We should maintain healthy skepticism of corporate motives. Some commentators claim that banning hospitals from providing free take-home formula samples further disadvantages low-income women. Corporations don’t offer samples out of kindness. They know that once the breastfeeding relationship is disrupted, a baby will have to be fed with formula until they are weaned. They also know that women are most likely to use the formula they see in the hospital, and stand to gain WIC dollars from low-income women (for breastfeeding folks on WIC, those dollars go to nutritious foods for the parent, who passes the nutrition on to the baby). These are the same corporations that have been slapped with lawsuits for misleading claims in the US and have been subject to decades-long boycotts for undermining breastfeeding in countries where a lack of clean water can make formula feeding deadly.**
We should not let injustice beget injustice. One frequently cited reason for opposing efforts to encourage breastfeeding is that low-wage workers very rarely have jobs that permit them to pump milk, or money for equipment to do so. But should worker-unfriendly policies dictate how we feed infants? Workplace constraints create an illusion of choice and obscure the real problem, which is that everyone should have the security to transition between care work and work in the market economy as their family’s needs change, and the support to continue to meet those needs.

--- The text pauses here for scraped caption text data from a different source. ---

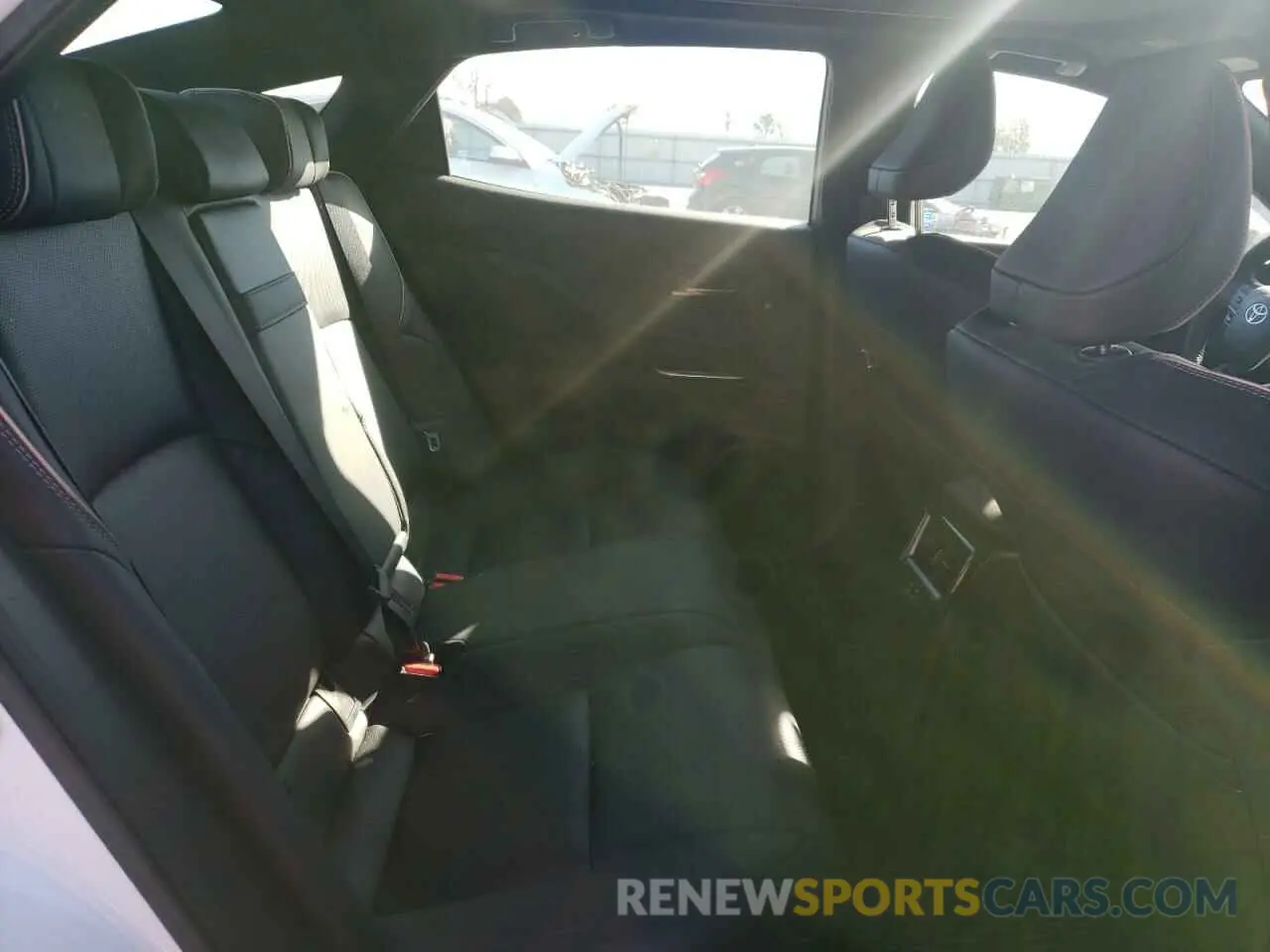 11 fotografías del automóvil dañado JTDAAAAF2R3021731 TOYOTA CROWN XLE 2024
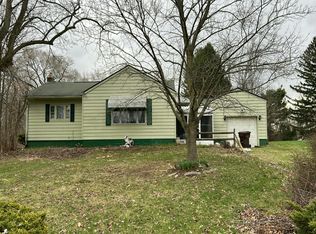 2439 Sarah Dr, Akron, OH 44312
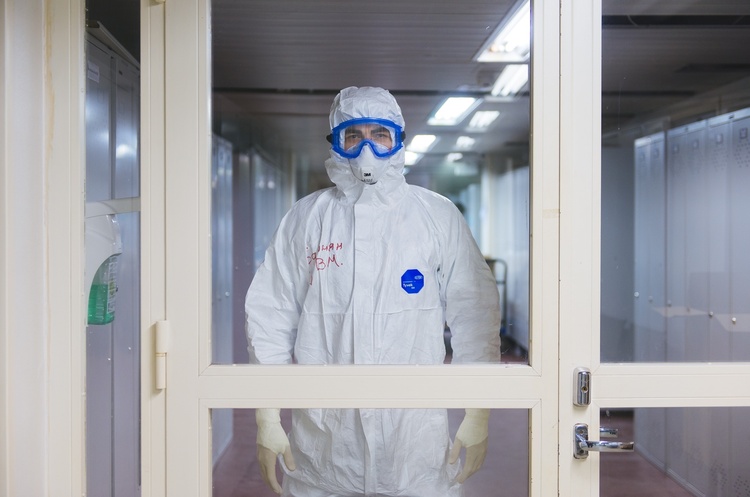 В Україні за добу зафіксували 6 624 нових випадків COVID-19 В Україні за добу зафіксували 6 624 нових випадків COVID-19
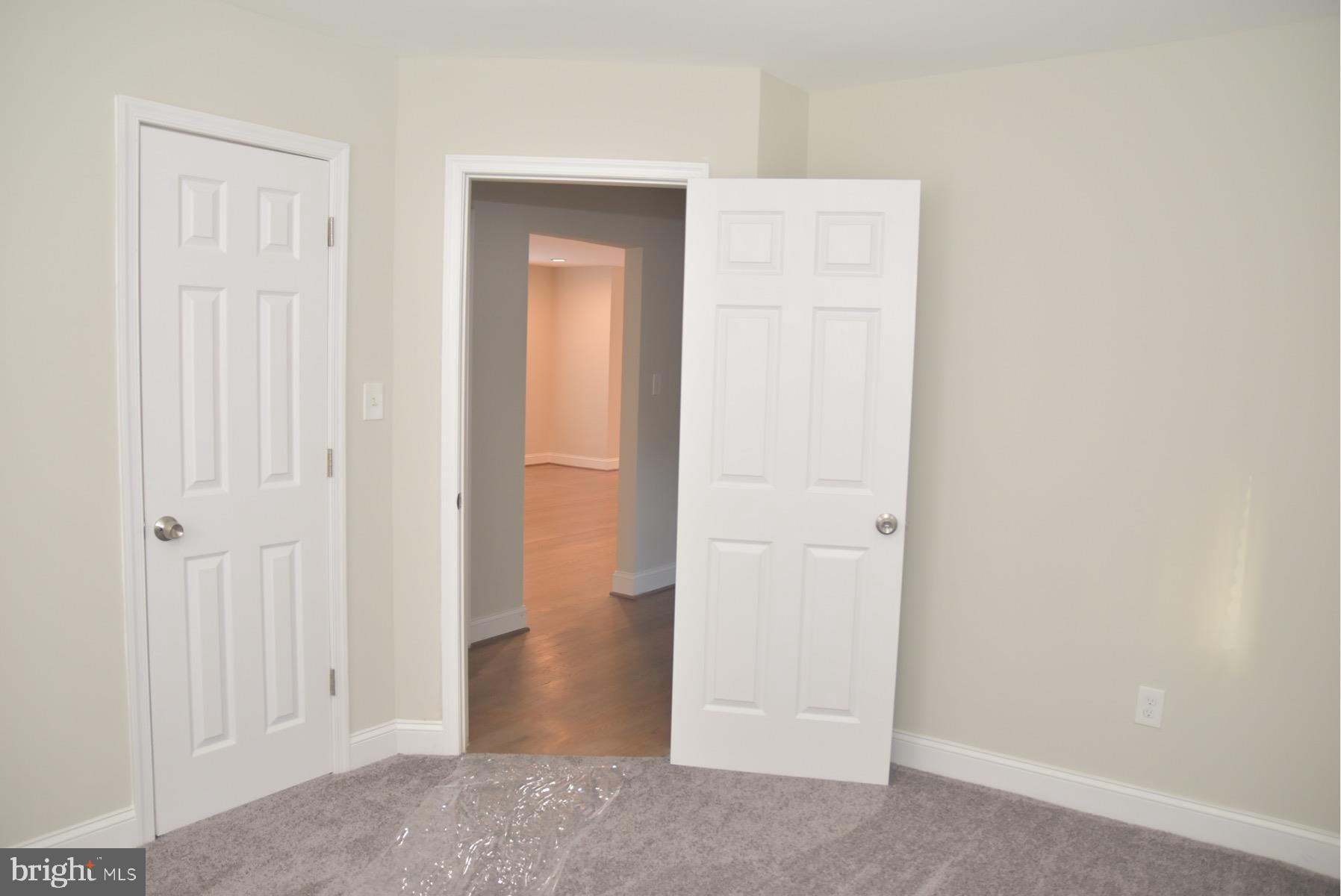 OAK KNOLL - Residential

There has been significant improvement in the rates of breastfeeding, but there is still a way to go until breastfeeding assistance is freely available for as long as it is needed, racial disparities are eliminated, and workers have space and time for feeding or pumping. I’ll be ready to have the conversation about World Breastfeeding Week being oppressive to people who can’t or don’t breastfeed when everyone has the support they need to breastfeed successfully if they want to. That day hasn’t arrived.
* Here I acknowledge an enormous debt to the work of Race Forward for articulating this analysis with respect to racism, from which I draw heavily. I highly recommend their report, and the accompanying overview by the ever-impressive Jay Smooth.
** This is all said with the understanding that corporations are increasingly attempting to capitalize off of breastfeeding, offering lines of milk extraction and storage products. But these corporations (we’ll call them Big Boob), create products that are not strictly necessary.